### Work request
Every entry below should come back unchanged, except that the pictures are dropped.

Captioned web images
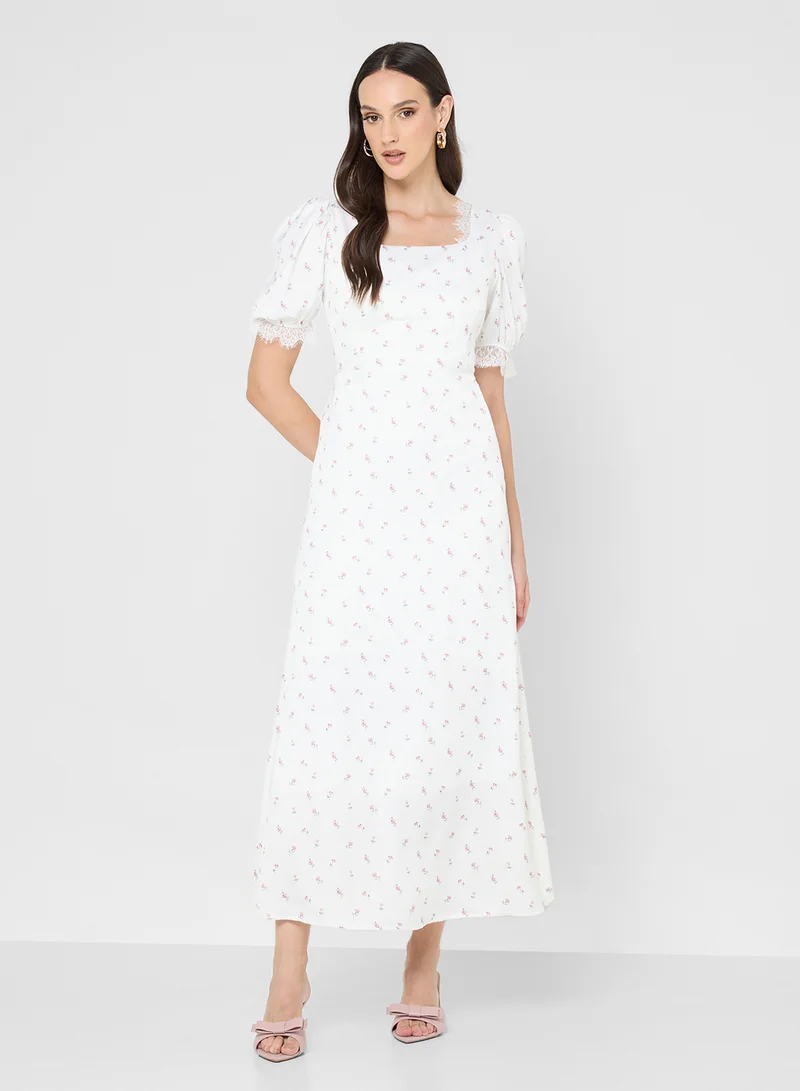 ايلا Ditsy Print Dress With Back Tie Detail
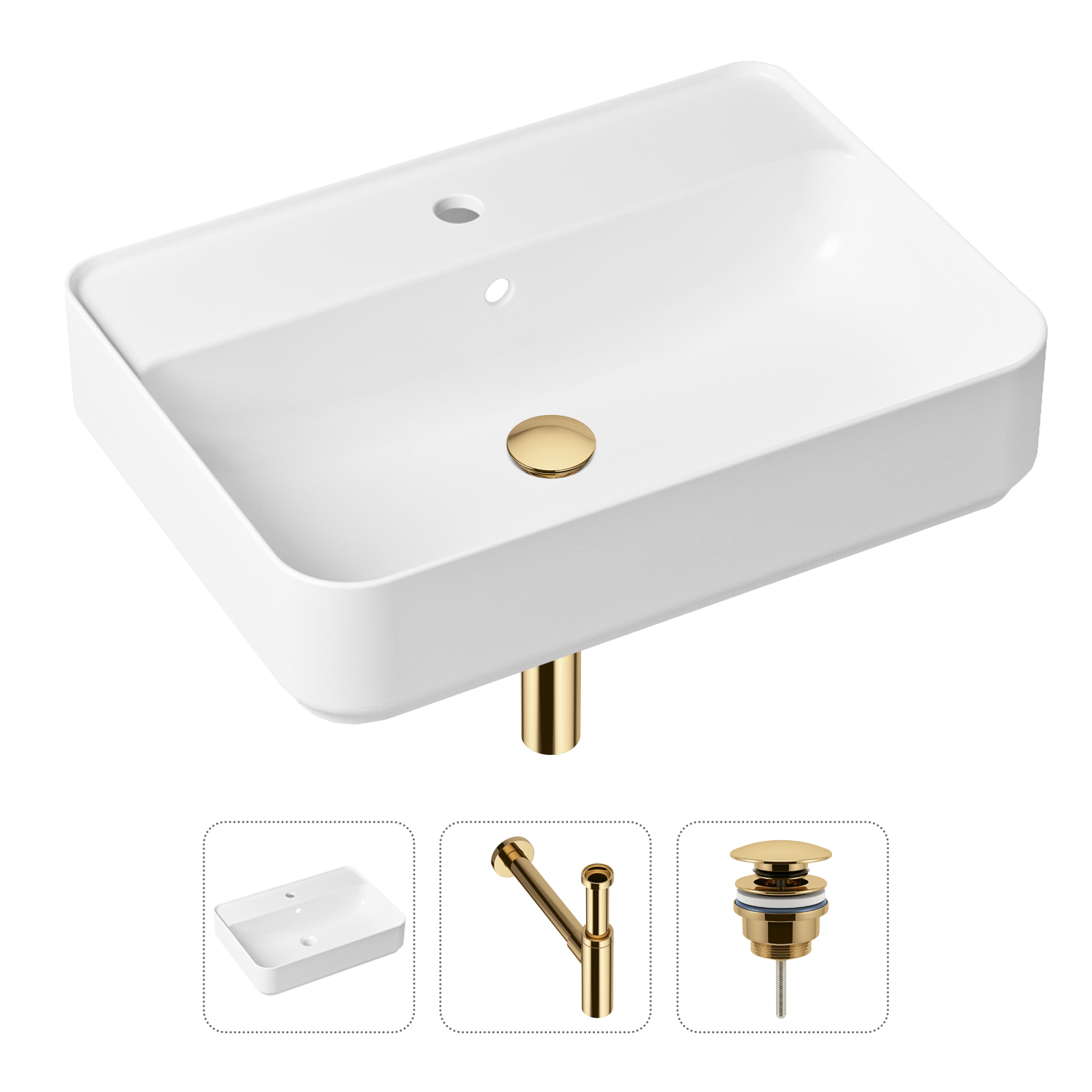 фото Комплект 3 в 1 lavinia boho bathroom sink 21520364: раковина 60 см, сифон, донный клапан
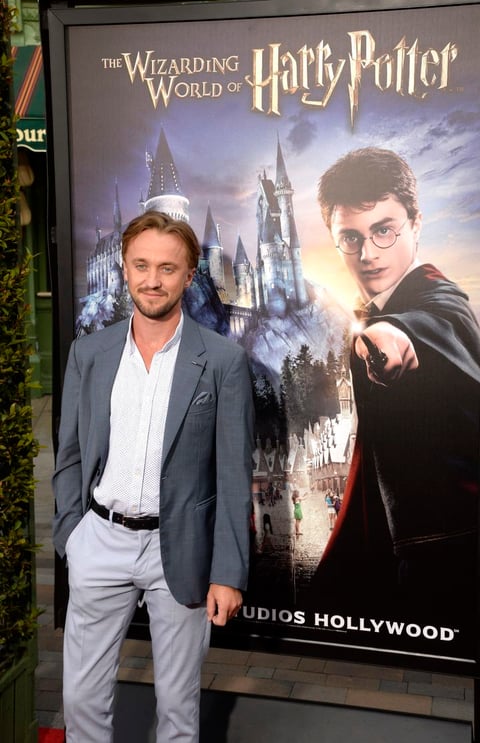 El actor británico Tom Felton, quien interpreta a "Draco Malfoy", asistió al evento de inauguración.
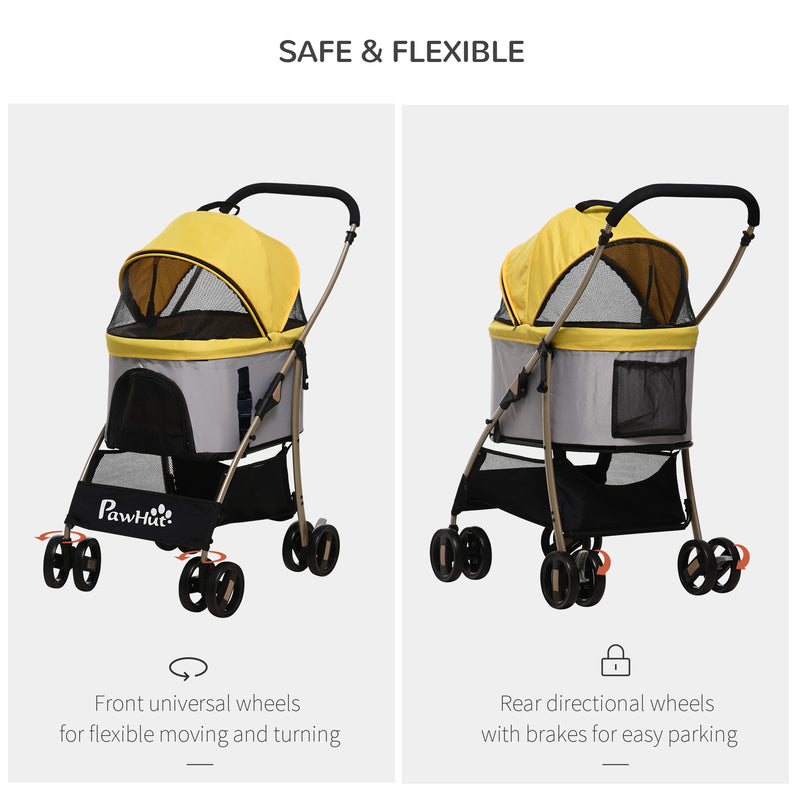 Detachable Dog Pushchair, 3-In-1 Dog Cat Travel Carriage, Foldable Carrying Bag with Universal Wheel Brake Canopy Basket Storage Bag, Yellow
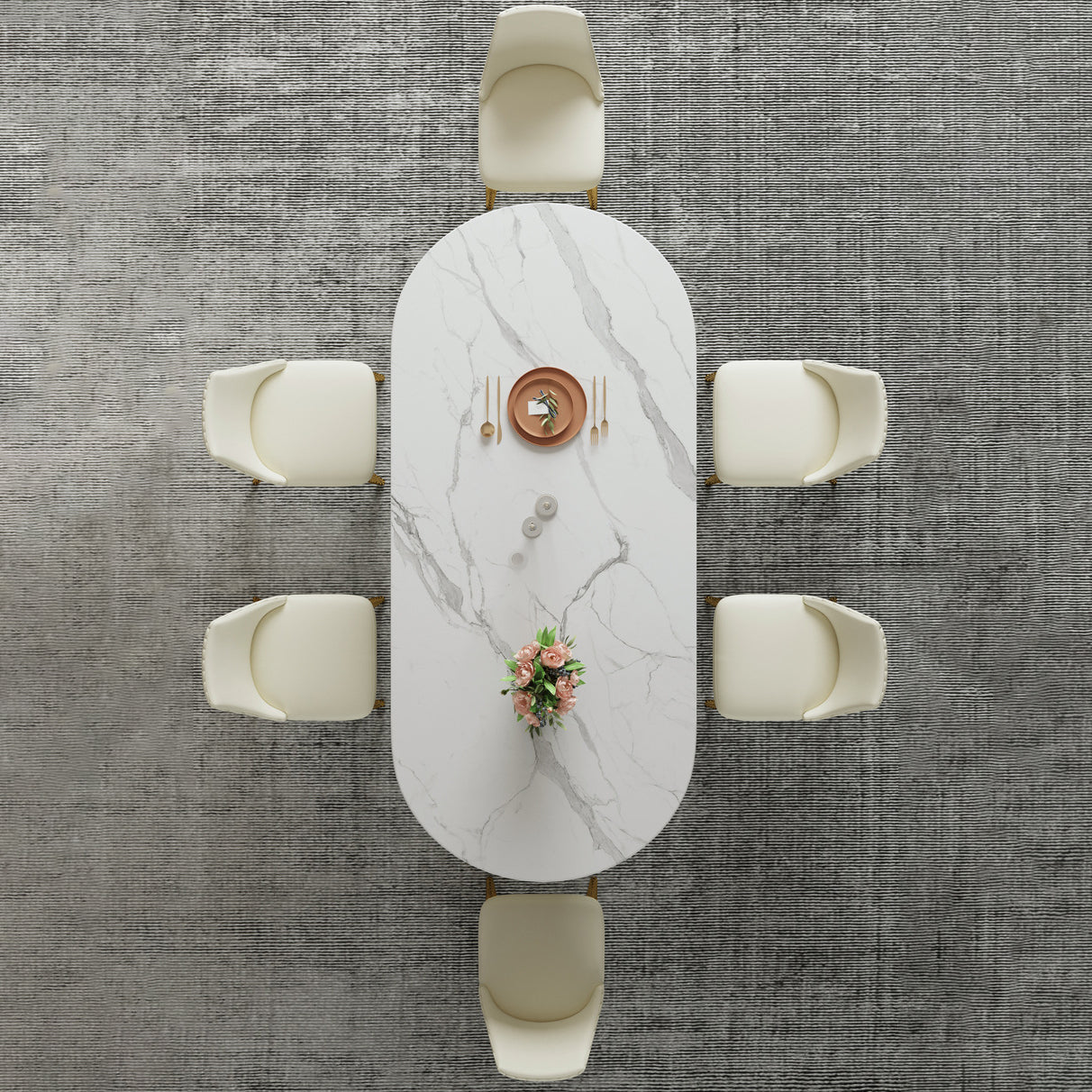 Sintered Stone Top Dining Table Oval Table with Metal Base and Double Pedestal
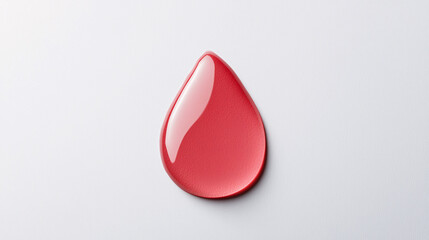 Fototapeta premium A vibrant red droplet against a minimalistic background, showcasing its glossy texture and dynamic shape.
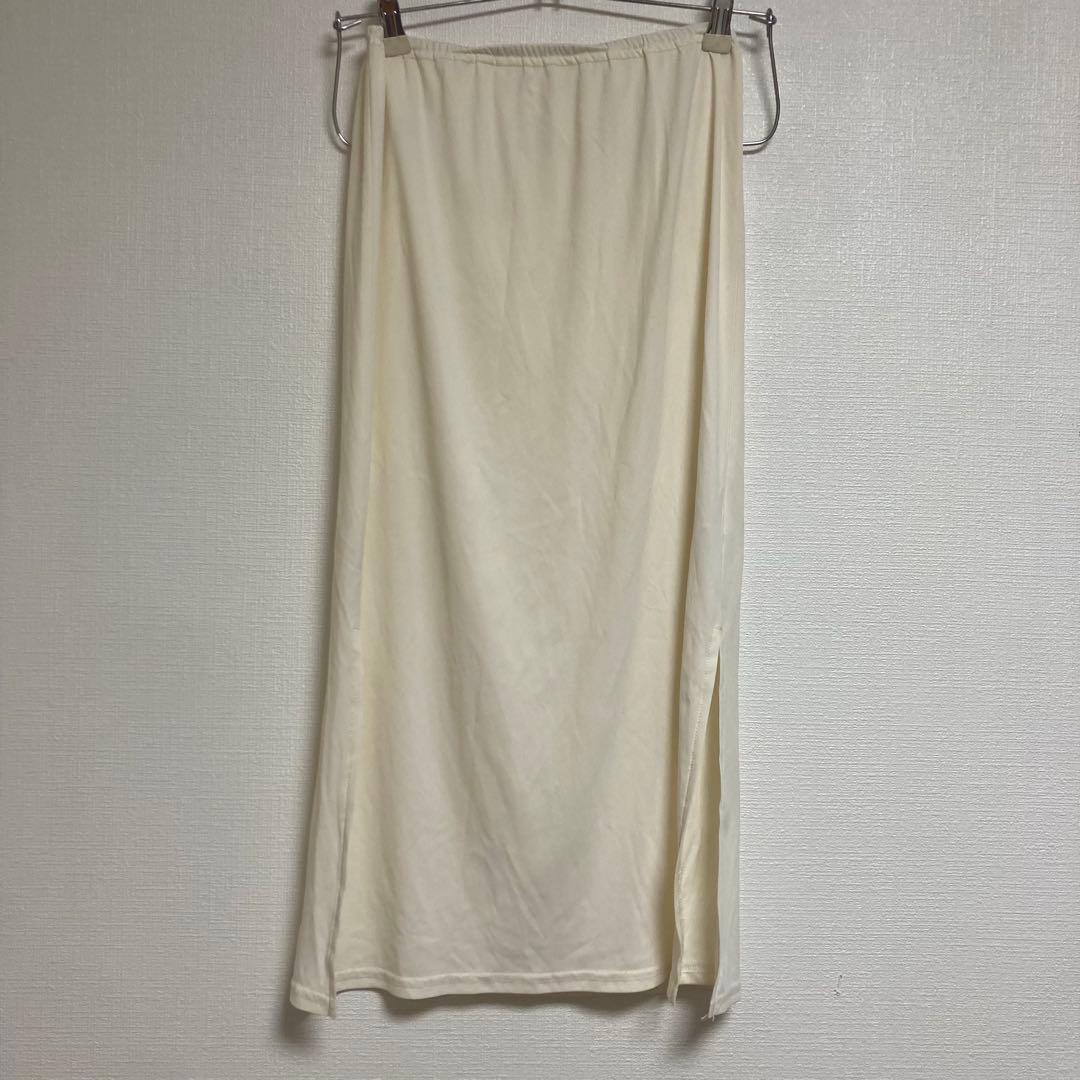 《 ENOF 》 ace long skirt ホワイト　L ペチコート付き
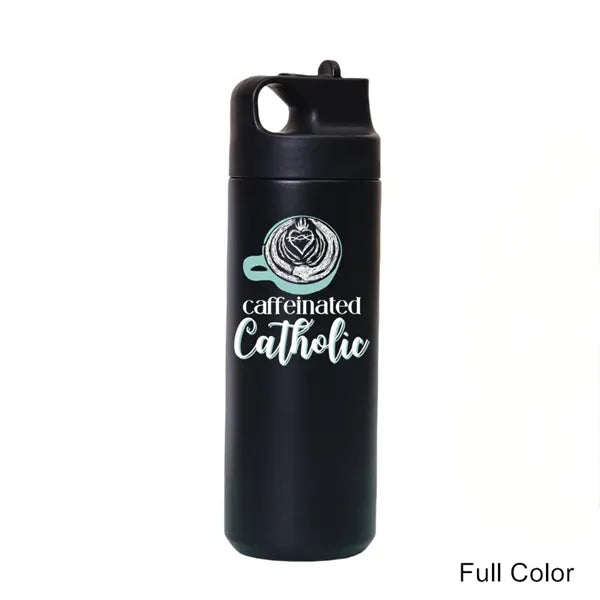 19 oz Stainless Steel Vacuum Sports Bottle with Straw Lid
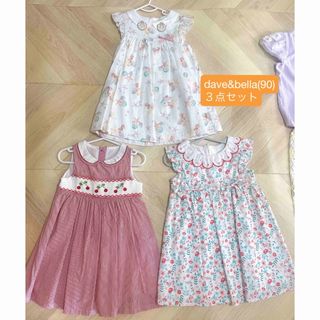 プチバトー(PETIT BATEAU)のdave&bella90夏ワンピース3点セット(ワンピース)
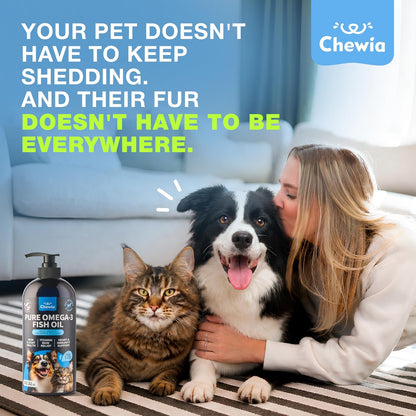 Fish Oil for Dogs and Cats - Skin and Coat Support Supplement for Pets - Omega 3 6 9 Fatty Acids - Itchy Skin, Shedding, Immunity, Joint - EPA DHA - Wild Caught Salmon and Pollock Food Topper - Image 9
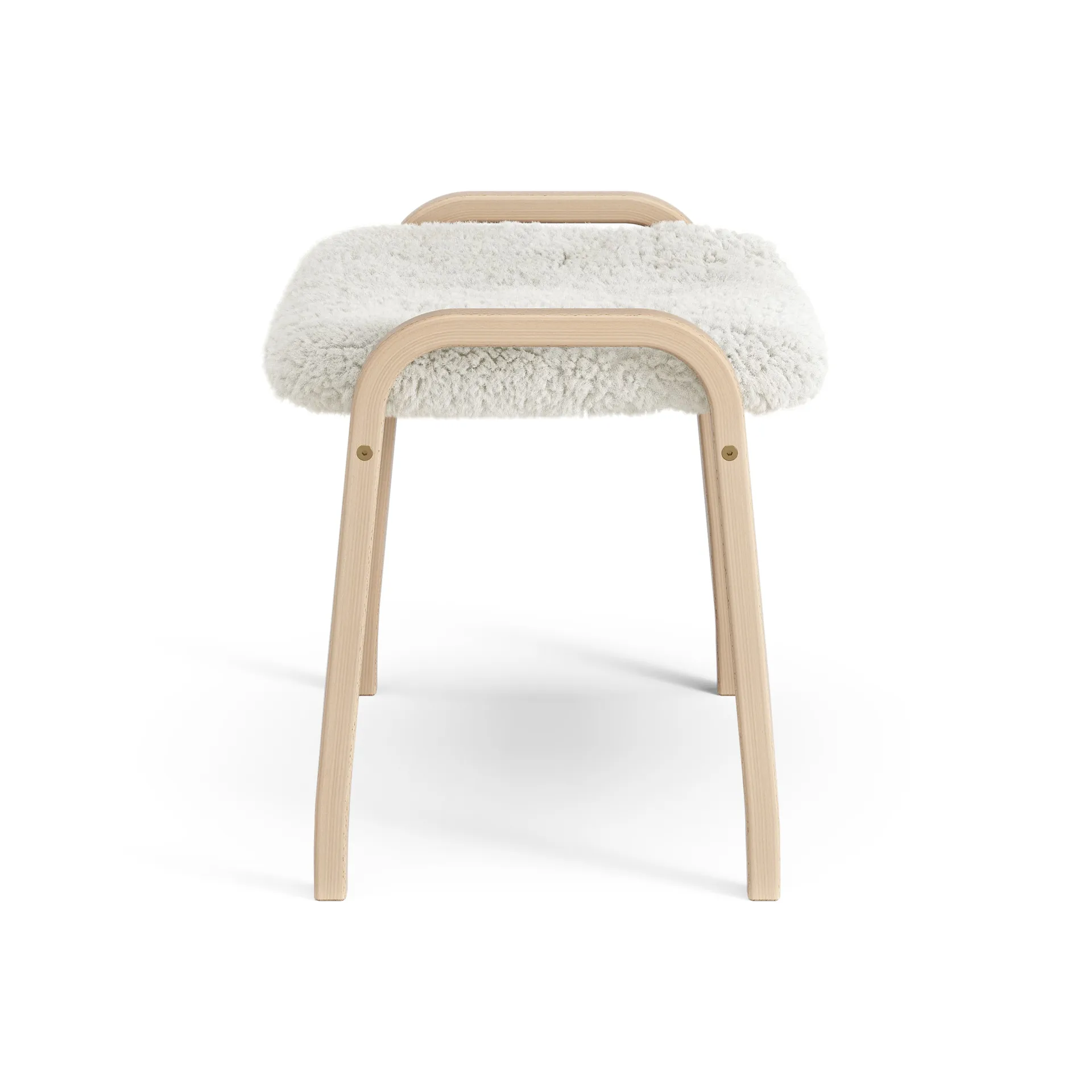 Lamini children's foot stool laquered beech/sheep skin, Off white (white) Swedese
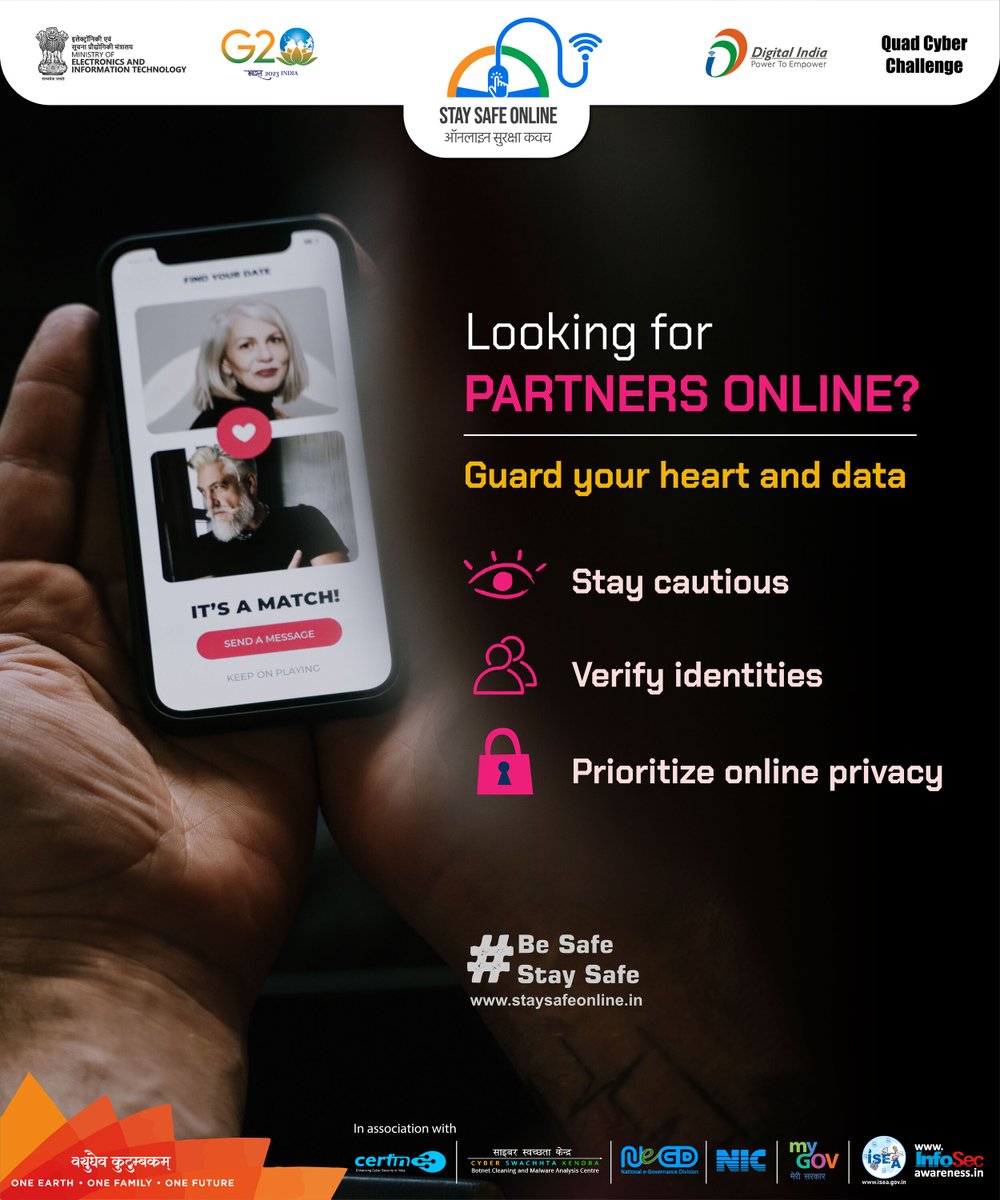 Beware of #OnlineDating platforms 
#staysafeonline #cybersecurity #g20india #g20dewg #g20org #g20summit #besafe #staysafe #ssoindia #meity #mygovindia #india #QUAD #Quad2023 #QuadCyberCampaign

### Worked solution
 ايلا Ditsy Print Dress With Back Tie Detail
 фото Комплект 3 в 1 lavinia boho bathroom sink 21520364: раковина 60 см, сифон, донный клапан
 El actor británico Tom Felton, quien interpreta a "Draco Malfoy", asistió al evento de inauguración.
 Detachable Dog Pushchair, 3-In-1 Dog Cat Travel Carriage, Foldable Carrying Bag with Universal Wheel Brake Canopy Basket Storage Bag, Yellow
 Sintered Stone Top Dining Table Oval Table with Metal Base and Double Pedestal
 Fototapeta premium A vibrant red droplet against a minimalistic background, showcasing its glossy texture and dynamic shape.
 《 ENOF 》 ace long skirt ホワイト　L ペチコート付き
 19 oz Stainless Steel Vacuum Sports Bottle with Straw Lid
 プチバトー(PETIT BATEAU)のdave&bella90夏ワンピース3点セット(ワンピース)
 Fish Oil for Dogs and Cats - Skin and Coat Support Supplement for Pets - Omega 3 6 9 Fatty Acids - Itchy Skin, Shedding, Immunity, Joint - EPA DHA - Wild Caught Salmon and Pollock Food Topper - Image 9
 Lamini children's foot stool laquered beech/sheep skin, Off white (white) Swedese
 Beware of #OnlineDating platforms 
#staysafeonline #cybersecurity #g20india #g20dewg #g20org #g20summit #besafe #staysafe #ssoindia #meity #mygovindia #india #QUAD #Quad2023 #QuadCyberCampaign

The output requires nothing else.